TASK INPUT »
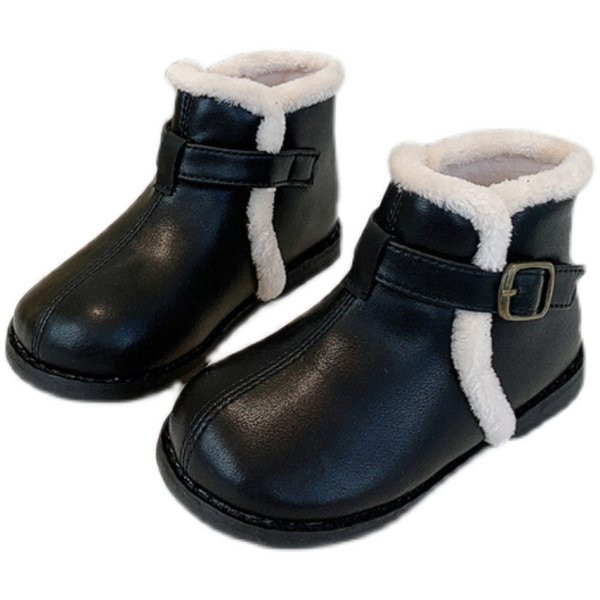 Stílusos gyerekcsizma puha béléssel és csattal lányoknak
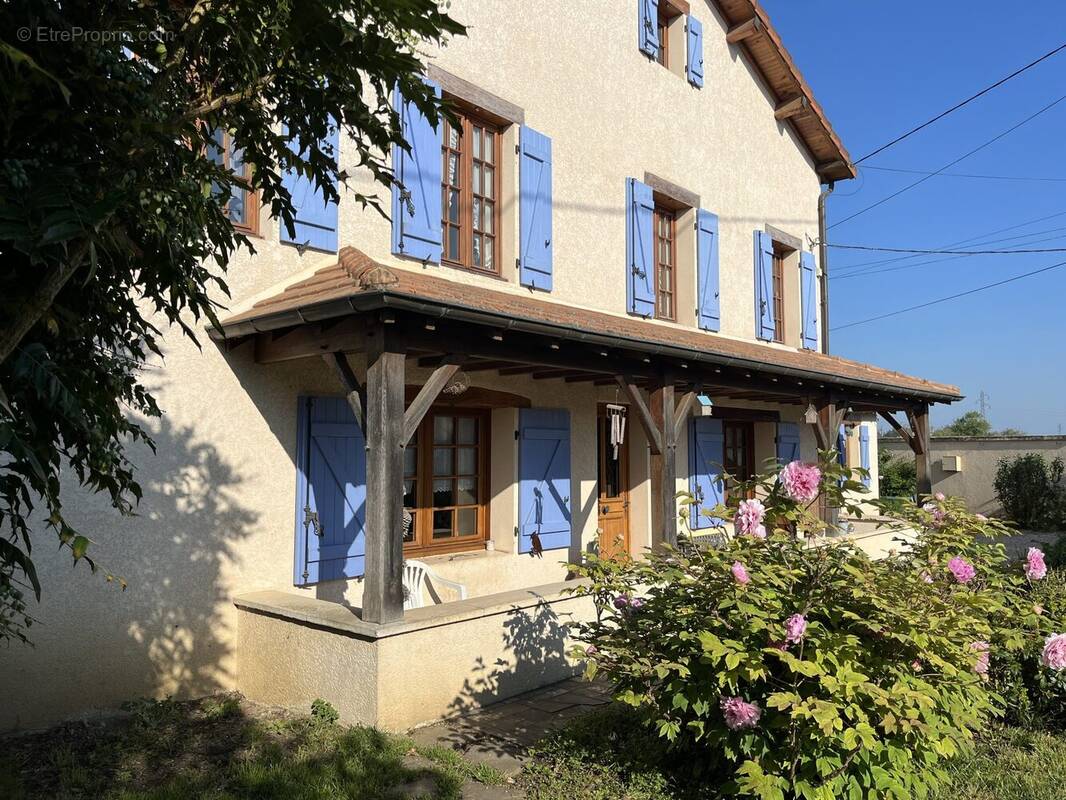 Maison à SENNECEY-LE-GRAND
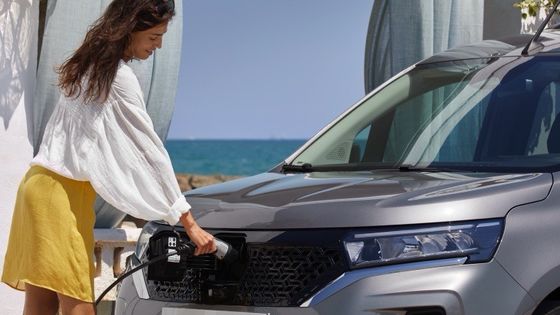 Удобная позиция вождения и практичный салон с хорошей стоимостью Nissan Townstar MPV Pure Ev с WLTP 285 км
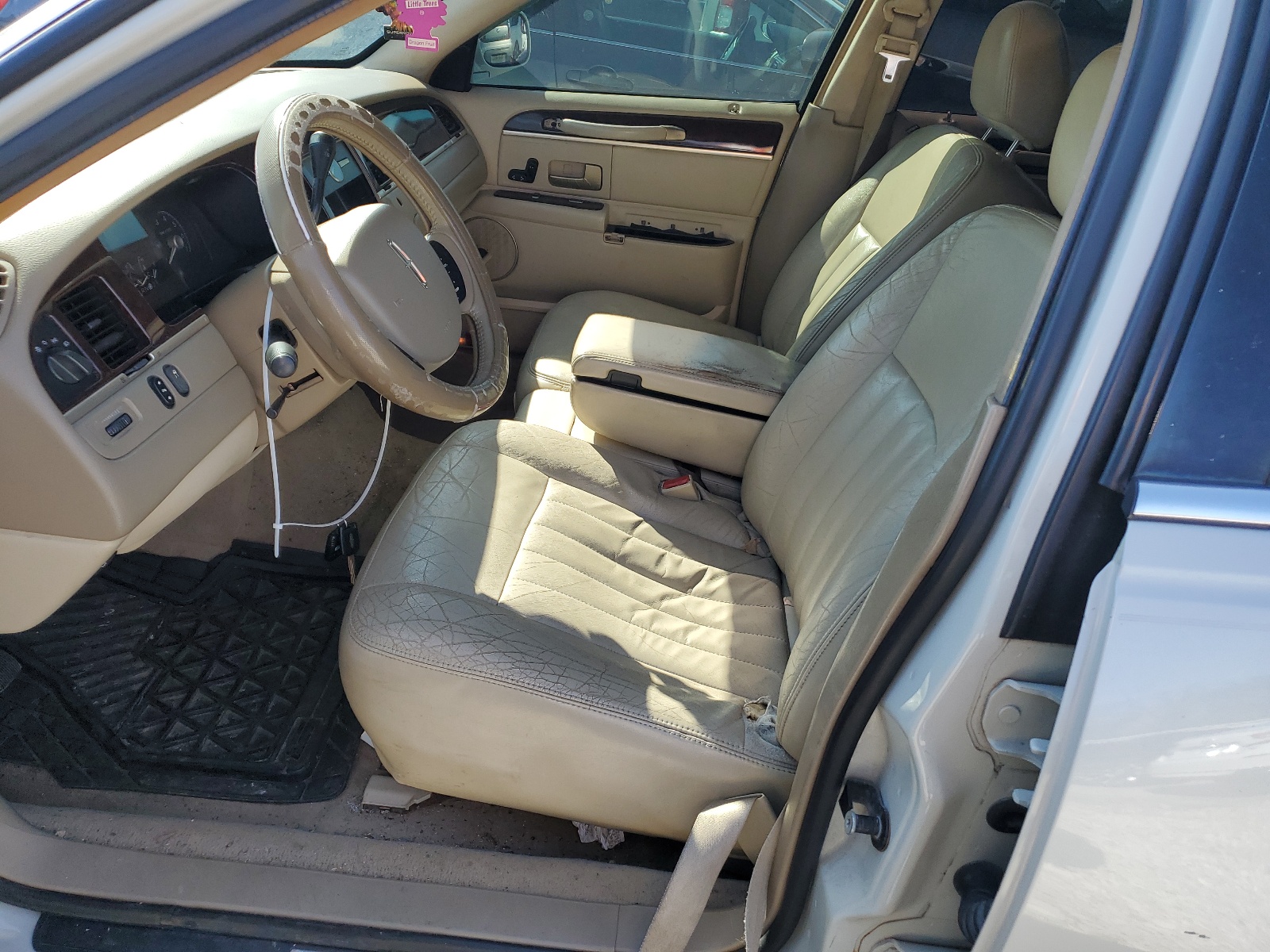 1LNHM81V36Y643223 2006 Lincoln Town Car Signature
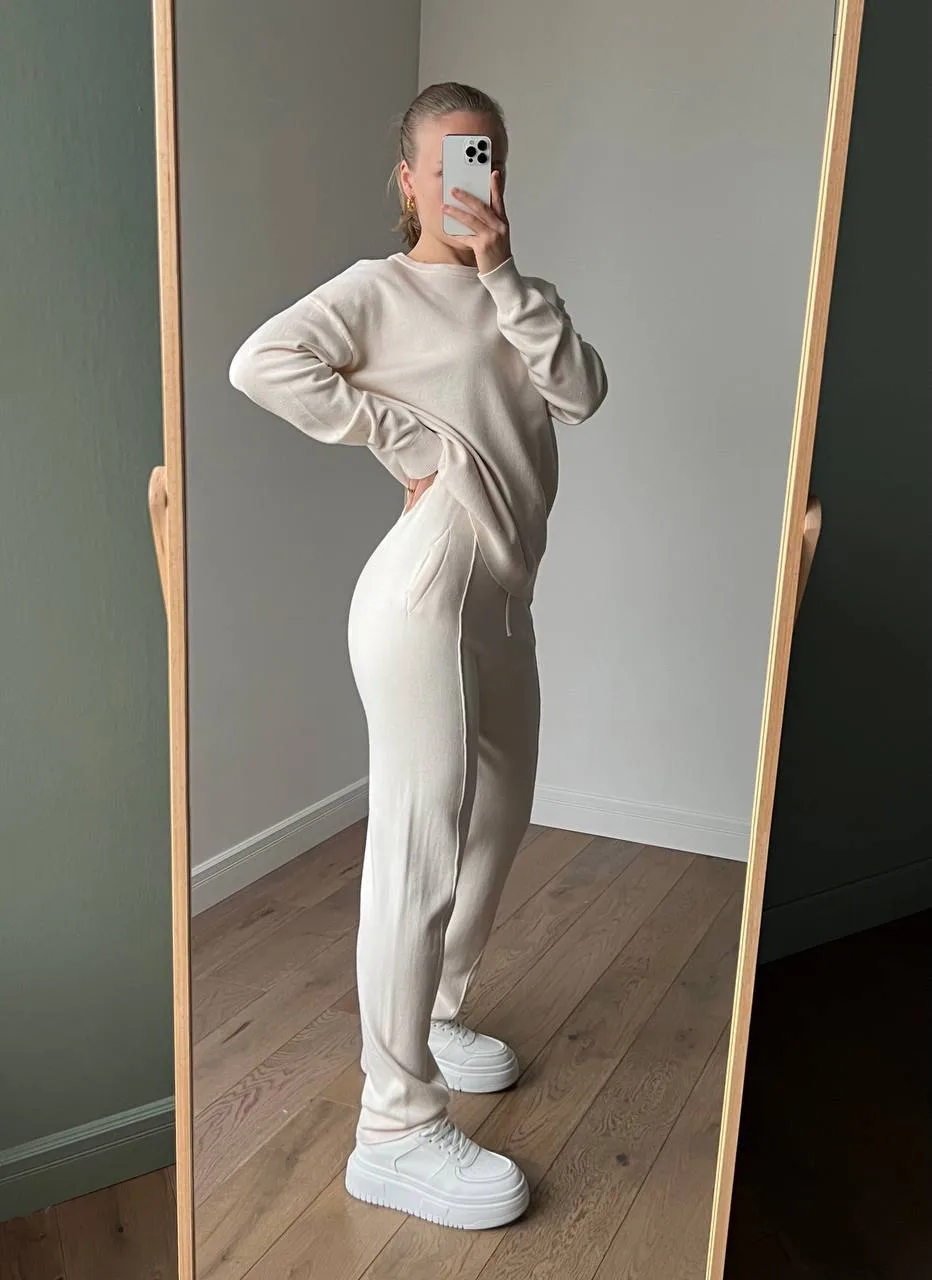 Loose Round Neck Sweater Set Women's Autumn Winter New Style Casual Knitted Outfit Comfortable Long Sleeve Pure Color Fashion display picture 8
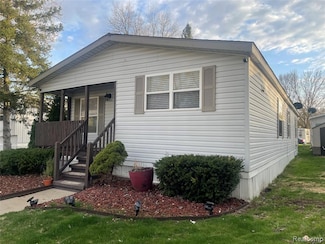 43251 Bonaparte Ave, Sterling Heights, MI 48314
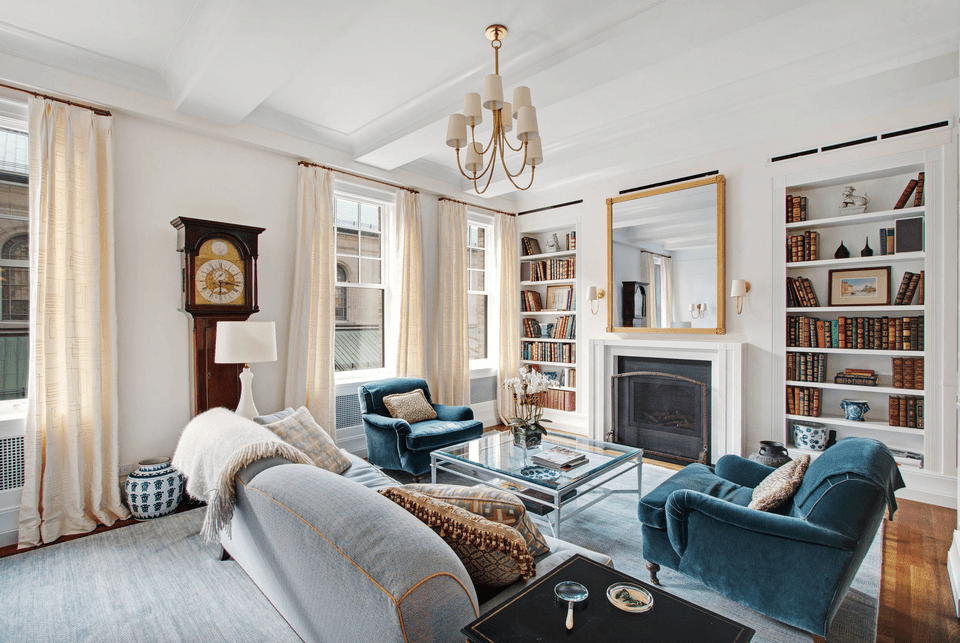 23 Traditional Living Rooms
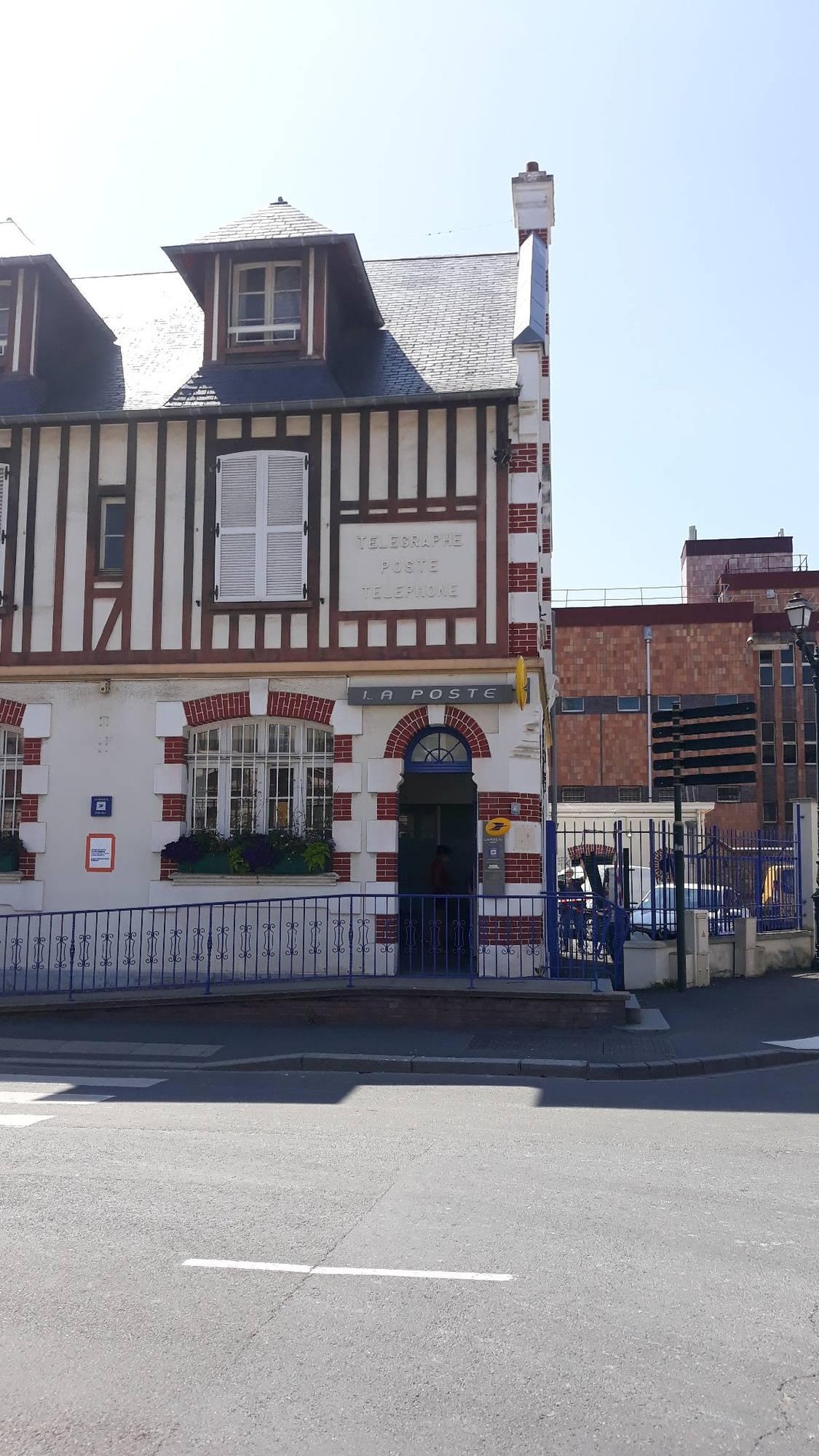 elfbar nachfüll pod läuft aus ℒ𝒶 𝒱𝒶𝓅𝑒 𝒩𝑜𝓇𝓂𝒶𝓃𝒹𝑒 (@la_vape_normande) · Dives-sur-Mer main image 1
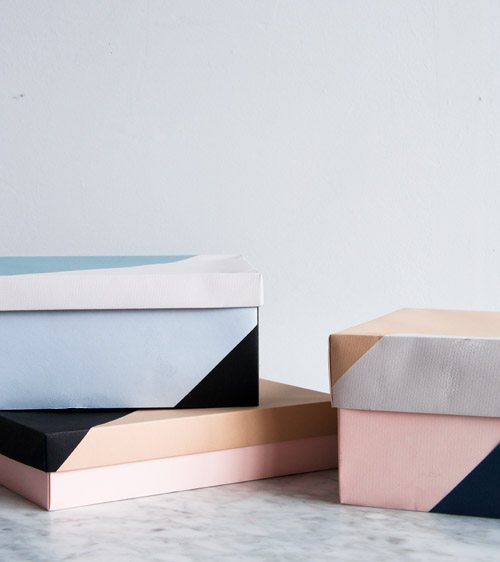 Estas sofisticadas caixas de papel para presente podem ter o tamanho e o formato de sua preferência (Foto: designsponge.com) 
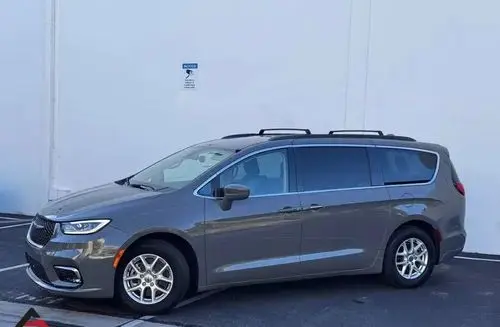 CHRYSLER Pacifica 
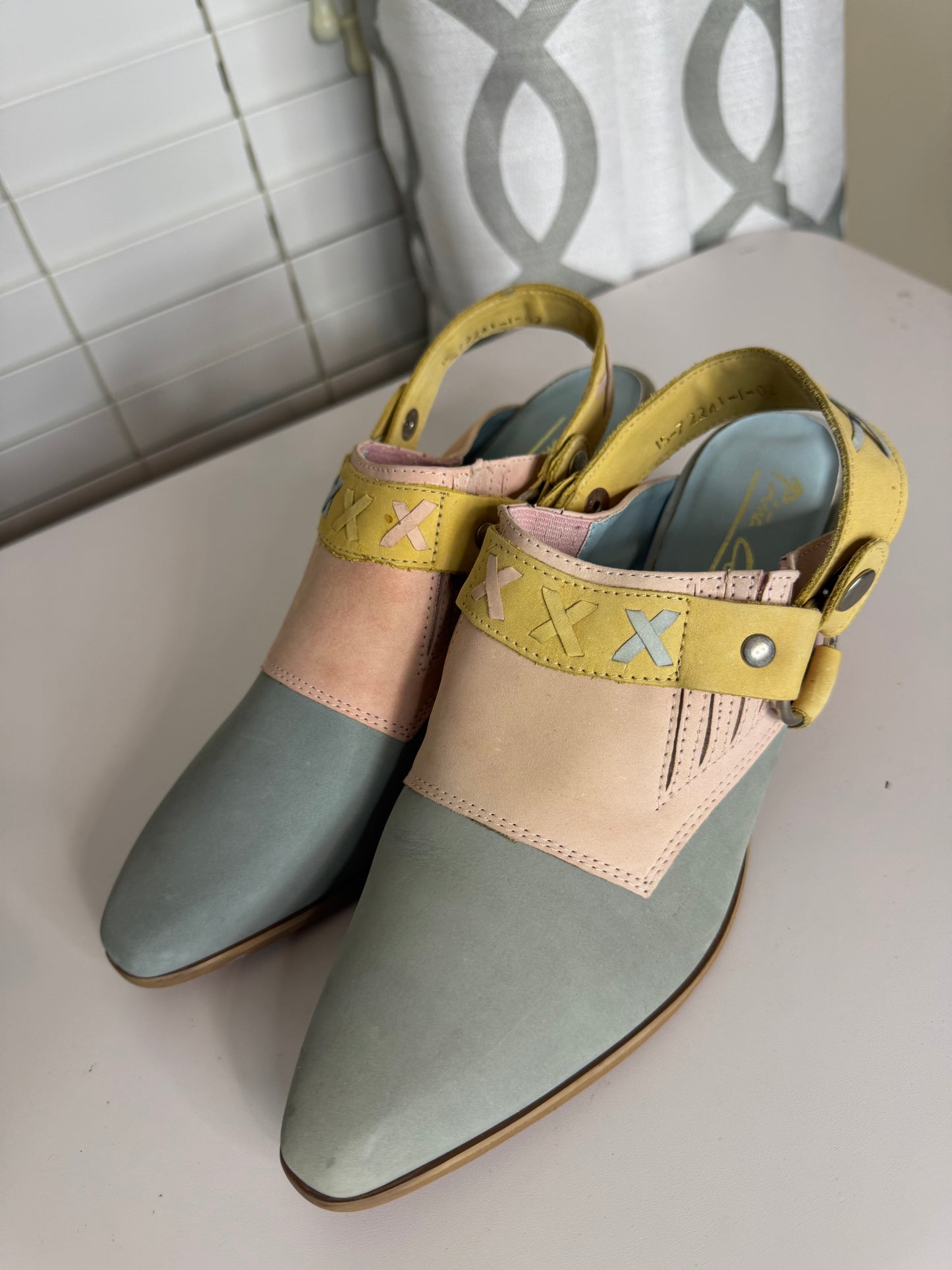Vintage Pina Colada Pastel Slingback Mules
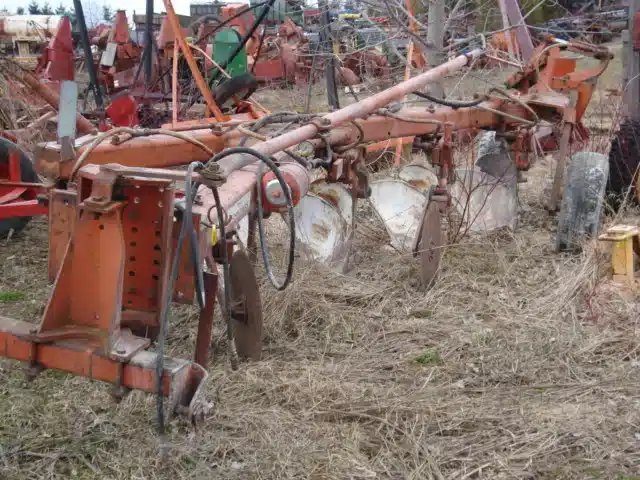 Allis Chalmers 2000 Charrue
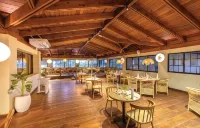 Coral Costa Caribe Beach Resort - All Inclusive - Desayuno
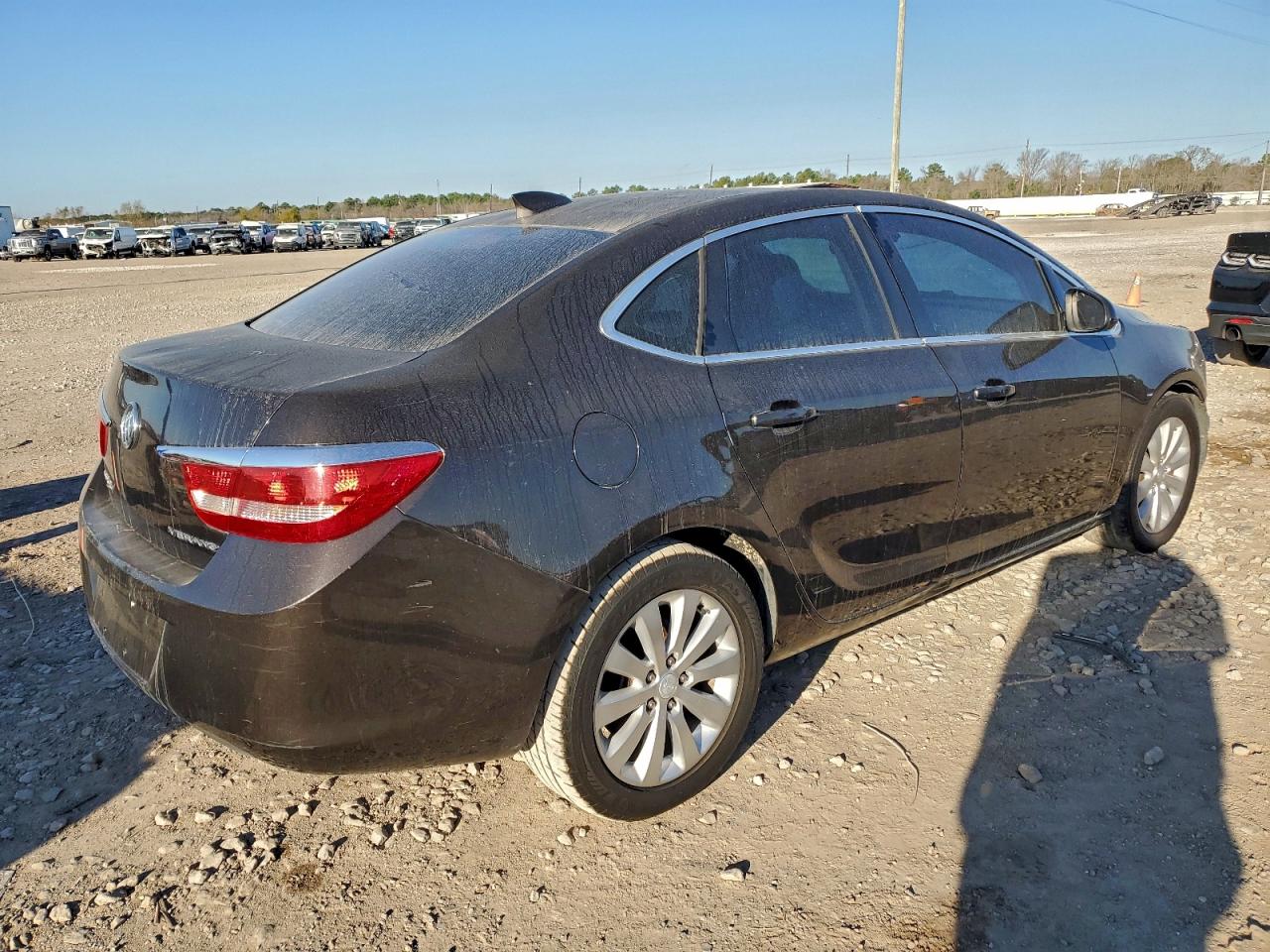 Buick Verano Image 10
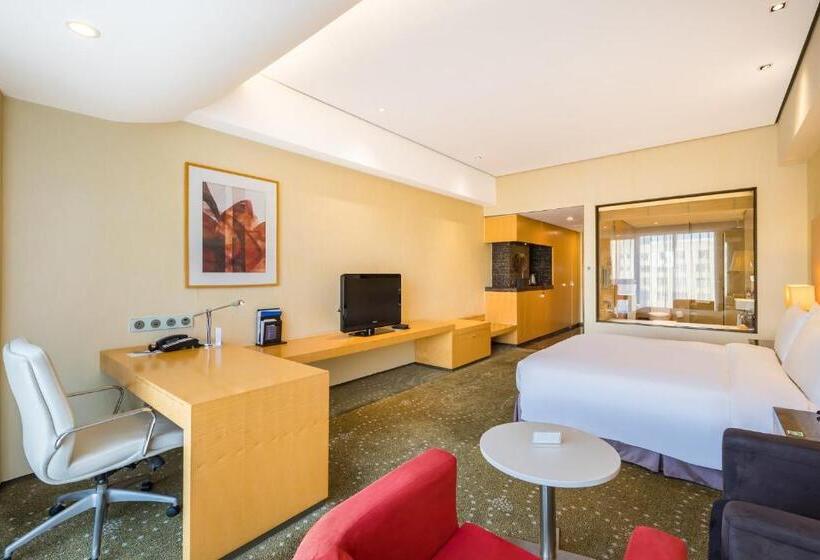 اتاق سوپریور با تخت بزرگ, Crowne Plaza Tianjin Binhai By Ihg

EXERCISE BRIEF » The reply has to reproduce every line above verbatim and contain no pictures.

EXPECTED OUTPUT »
 Stílusos gyerekcsizma puha béléssel és csattal lányoknak
 Maison à SENNECEY-LE-GRAND
 Удобная позиция вождения и практичный салон с хорошей стоимостью Nissan Townstar MPV Pure Ev с WLTP 285 км
 1LNHM81V36Y643223 2006 Lincoln Town Car Signature
 Loose Round Neck Sweater Set Women's Autumn Winter New Style Casual Knitted Outfit Comfortable Long Sleeve Pure Color Fashion display picture 8
 43251 Bonaparte Ave, Sterling Heights, MI 48314
 23 Traditional Living Rooms
 elfbar nachfüll pod läuft aus ℒ𝒶 𝒱𝒶𝓅𝑒 𝒩𝑜𝓇𝓂𝒶𝓃𝒹𝑒 (@la_vape_normande) · Dives-sur-Mer main image 1
 Estas sofisticadas caixas de papel para presente podem ter o tamanho e o formato de sua preferência (Foto: designsponge.com) 
 CHRYSLER Pacifica 
Vintage Pina Colada Pastel Slingback Mules
 Allis Chalmers 2000 Charrue
 Coral Costa Caribe Beach Resort - All Inclusive - Desayuno
 Buick Verano Image 10
 اتاق سوپریور با تخت بزرگ, Crowne Plaza Tianjin Binhai By Ihg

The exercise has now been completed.